Tags: misc web captcha
Rating:
# [UTCTF 2022] ReReCaptcha
Author: [JJ](https://j-james.me/)
## Problem Description
### ReReCaptcha
- Solves: 25
- Score: 1000 -> 988
- Tags: web
Author: ggu ([UT ISSS](https://www.isss.io/))
Just solve 1000 captchas. It's super easy.
## Beginning Steps
[Ron Howard (voiceover): It wasn't.]
Testing out our manual captcha-solving skills on the website, the first thing we all noticed was that although the captchas changed, they all were composed of text layered onto a consistent background. If we could somehow extract this background, we could extract much more readable text from the recaptchas.

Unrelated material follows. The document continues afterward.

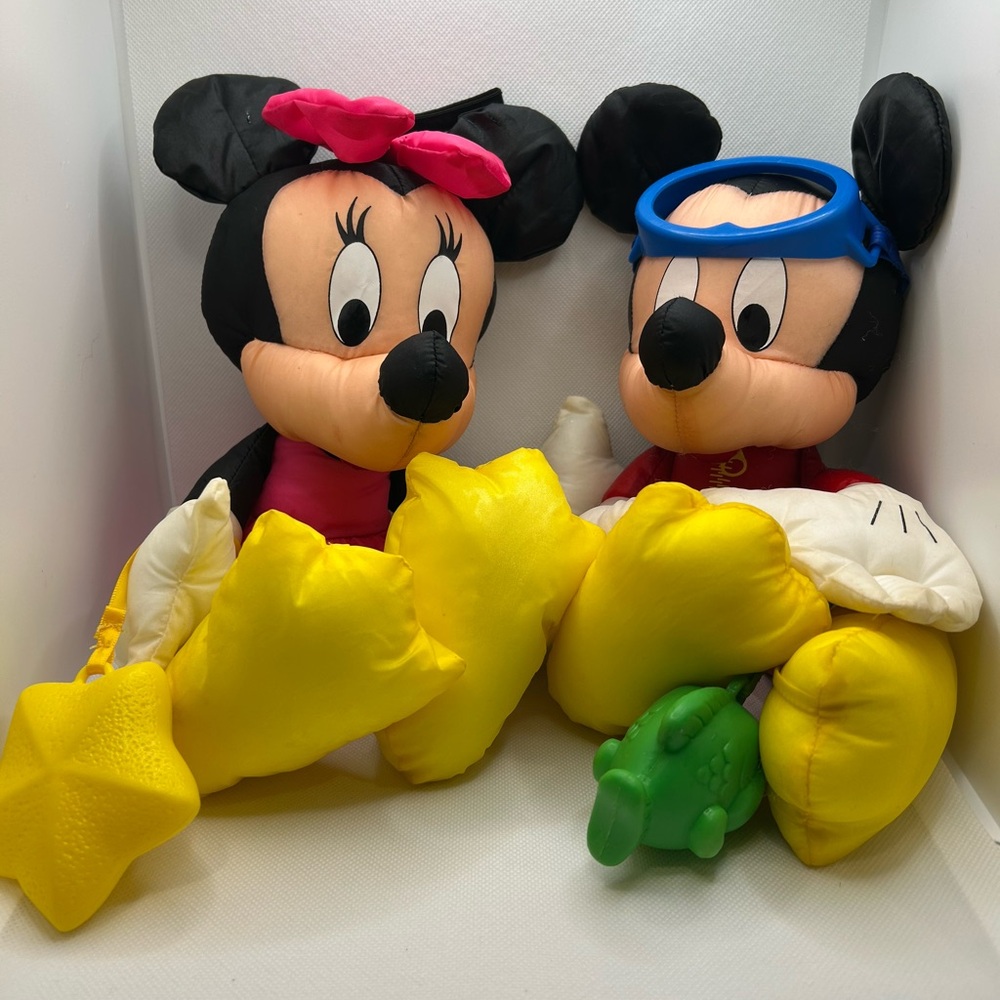 RARE Vintage Arco Mattel Mickey & Minnie Mouse Scuba~ Floating Fun Nylon Plush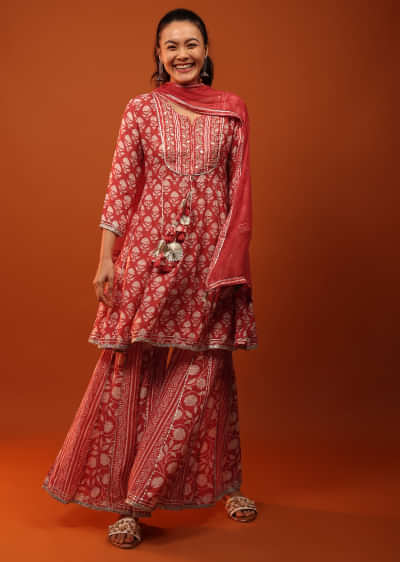 Apple Red Sharara Suit With Floral Print And Sequins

![A difficult-to-read captcha.](https://ubcctf.github.io/assets/images/utctf2022/rerecaptcha/captcha.png)
So, I grabbed a bunch of captchas from the website, erased the text parts, and layered them on top of each other in GIMP. This gave us an almost complete background image. Unfortunately, since every captcha word starts at the exact same alignment, there were a few missing pixels in the upper left. I filled these in manually with a best-guess of what color would be there.
![graphic design is my passion](https://ubcctf.github.io/assets/images/utctf2022/rerecaptcha/background.png)
We could have gotten a more precise background by inverting whatever operation was used to apply the text (suspected to be a simple XOR), but as it would turn out later, we didn't actually need to be all that accurate.
## Solving Captchas
This turned out to be surprisingly simple. [pillow](https://python-pillow.org/) (the Python image library) makes working with images a breeze. I just had to look up [a quick iteration tutorial](https://predictivehacks.com/iterate-over-image-pixels/) for `Images`, which also happened to go over the `getpixel()` and `putpixel()` methods I needed.
OCR was similarly straightforward. We just needed something that could read text from a high-contrast image. [PyTesseract](https://github.com/madmaze/pytesseract) looked like it'd do the trick - and indeed, right there in the README were examples of it working with PIL images. Perfect.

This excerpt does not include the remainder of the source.